Work instructions:
Copy each record below exactly, please, and leave its pictures out.

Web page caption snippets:

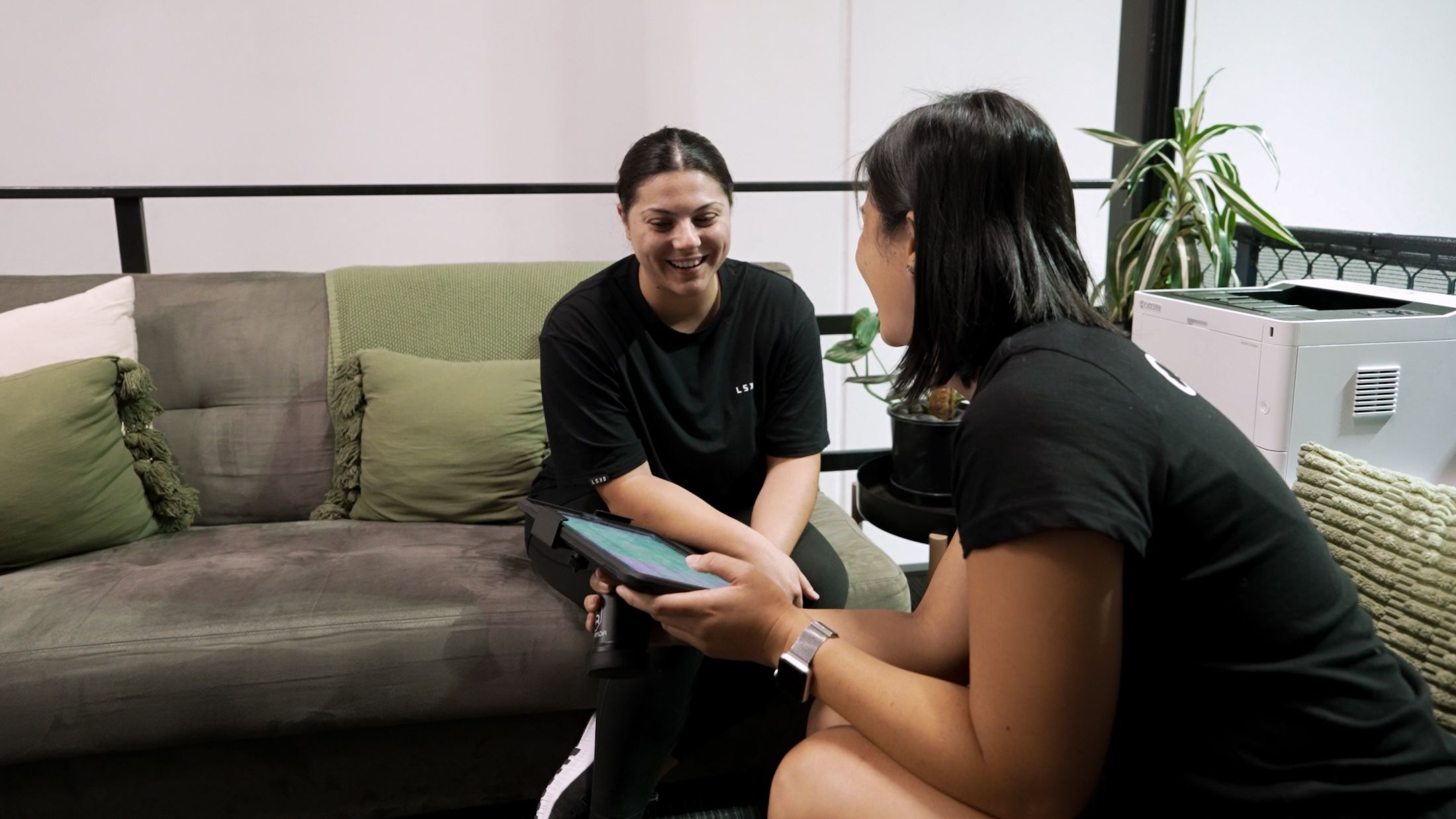Coach and member sitting down on couch discussing nutrition planning on an ipad inside Habitat Gym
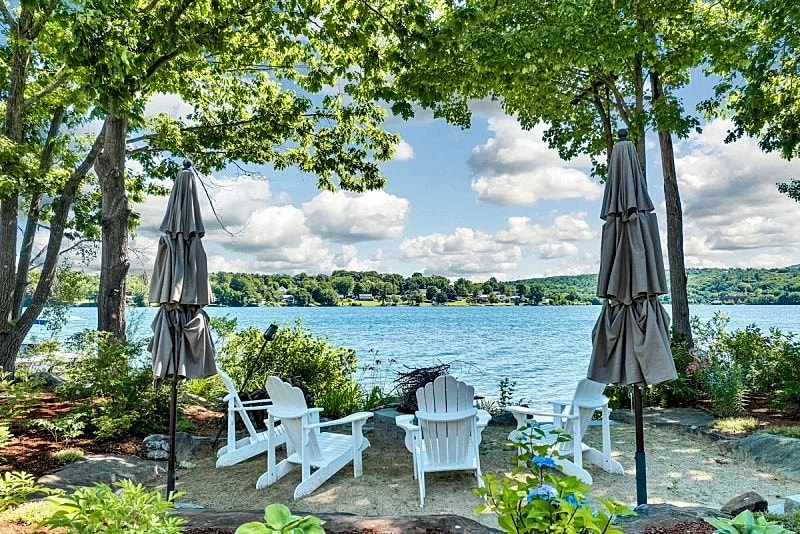 Modern Lake Opechee Home features Sandy Perched Beach and Dock in Laconia, New Hampshire, United States — photo 4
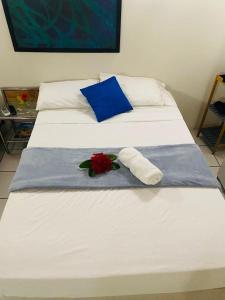 Una cama blanca con una almohada azul y una rosa. en Courtesy Apartments Aruba en Oranjestad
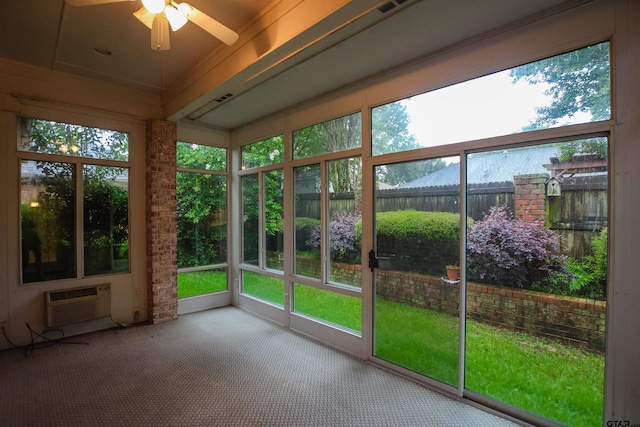 704 Paloma St, Tyler, TX 75703 - unfurnished sunroom with a wall mounted AC, a ceiling fan, and carpet flooring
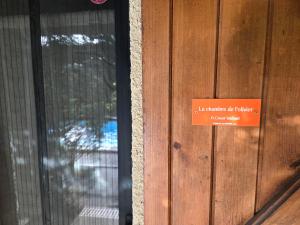a sign on the door of a wooden building at La chambre d'hôtes de l'olivier Gîte A Coeur Vaillant in Vailhan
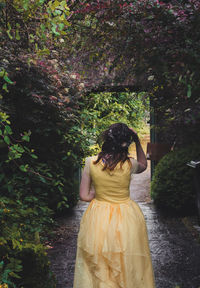 Rear view of woman standing by flowering plants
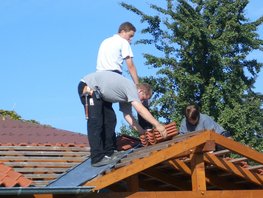 Das Bild zeigt Schüler bei der Verlegung von Dachziegeln im Bereich einer Kehle.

Exercise answer:
Coach and member sitting down on couch discussing nutrition planning on an ipad inside Habitat Gym
 Modern Lake Opechee Home features Sandy Perched Beach and Dock in Laconia, New Hampshire, United States — photo 4
 Una cama blanca con una almohada azul y una rosa. en Courtesy Apartments Aruba en Oranjestad
 704 Paloma St, Tyler, TX 75703 - unfurnished sunroom with a wall mounted AC, a ceiling fan, and carpet flooring
a sign on the door of a wooden building at La chambre d'hôtes de l'olivier Gîte A Coeur Vaillant in Vailhan
 Rear view of woman standing by flowering plants
 Das Bild zeigt Schüler bei der Verlegung von Dachziegeln im Bereich einer Kehle.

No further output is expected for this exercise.